Weeks after pro-family web sites published photos and video footage of the sacrilegious scandal at Most Holy Redeemer Parish in San Francisco, the controversy still rages. The image of two transvestites dressed as nuns, receiving Holy Communion from the Archbishop’s hands (click here to see the disturbing video) has prompted calls not just for commentary, but also reparation.1
In response to the offense given to Our Lord in the Blessed Sacrament, the American Society for the Defense of Tradition, Family and Property (TFP) is asking members and supporters to join with thousands in a Holy Hour of Eucharistic adoration and reparation anytime between 5 and 8 p.m. local time on Friday, November 16, 2007 at churches and adoration chapels.2
The idea of a national reparation come just three weeks after over 2,000 Public Square Rosary Rallies were held nationwide. The TFP is asking its supporters and Rosary Captains to take an hour to make reparation for this terrible offense.3
On a practical level, many have reacted to the scandal. The Saint Joseph Men’s Association has sent a complete dossier (including the video) of the Sacrilegious Communion to the Holy See. Others have recommended that messages be sent to the Apostolic Nunciature and to the Vatican. Many have complained to the archdiocese prompting an apology from the Archbishop for lack of judgment.

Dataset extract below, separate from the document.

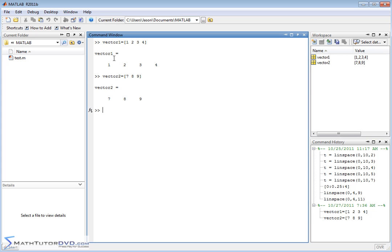So rather than defining a new vector, of course these are so small you could just type one, two, three, four, seven, eight, nine. But what if vector one was like 55 units long and vector two is 36 units. How would you join them together easily?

However, the sacrilege itself remains without reparation. Making a Holy Hour of reparation before the Blessed Sacrament will allow Catholics nationwide to storm heaven with prayers asking for forgiveness.
The Church has always encouraged the faithful to pray in reparation. By His Passion and Death on the Cross, Jesus Christ made reparation to the offended majesty of God for the outrages which the Creator so constantly suffers at the hands of His creatures. Through the merits of Christ’s Death, the faithful are restored to grace and can thus make reparation to the justice of God for their own offences against Him. By virtue of the Communion of the Saints, they can also make satisfaction and reparation for the sins of others.
Objectively speaking, the act of giving Holy Communion to two men dressed as fake nuns with make-up and all the characteristics of members of the homosexual group Sisters of Perpetual Indulgence is a terrible sacrilege. As mentioned in an article on the TFP web site, “deliberate and notable irreverence towards the Holy Eucharist is reputed the worst of all sacrileges.”
Indeed, at Fatima, Our Lady herself spoke of such sacrileges and the need for reparation: “Do you want to offer yourselves to God to bear all the sufferings that He may wish to send you, in reparation for the sins with which He is offended and in supplication for the conversion of sinners?”
The Angel of Portugal at Fatima taught a beautiful prayer to the three children which especially mentioned the sin of sacrilege:
“Most Holy Trinity, Father, Son, Holy Spirit, I adore Thee profoundly and offer Thee the most precious Body, Blood, Soul and Divinity of Jesus Christ present in all the tabernacles on earth in reparation for the insults, sacrileges and indifference with which He is offended. And through the infinite merits of His Most Sacred Heart and the Immaculate Heart of Mary, I ask Thee for the conversion of poor sinners.”
In the same spirit of prayer and reparation as the 2,000 plus Public Square Rosary Rallies, the American TFP calls upon all to join with thousands of others in this crusade of prayers. If such a sacrilege occurs amidst general indifference, the nation may suffer the consequences of the Divine Majesty offended and suffer punishment. It may suffer the most terrible of all the punishments which is the retraction of graces.
- Cf. “Catholics want Vatican to clean church Holy Redeemer members tired of drag queen bingo, sexfests,” WorldNetDaily, Oct. 25, 2007, //www.worldnetdaily.com/news/article.asp?ARTICLE_ID=58334
- T. Slater, “Reparation,” The Catholic Encyclopedia, //www.newadvent.org/cathen/12775a.htm
- Joseph F. Delany, “Sacrilege,” The Catholic Encyclopedia, //www.newadvent.org/cathen/13321a.htm (ours emphasis).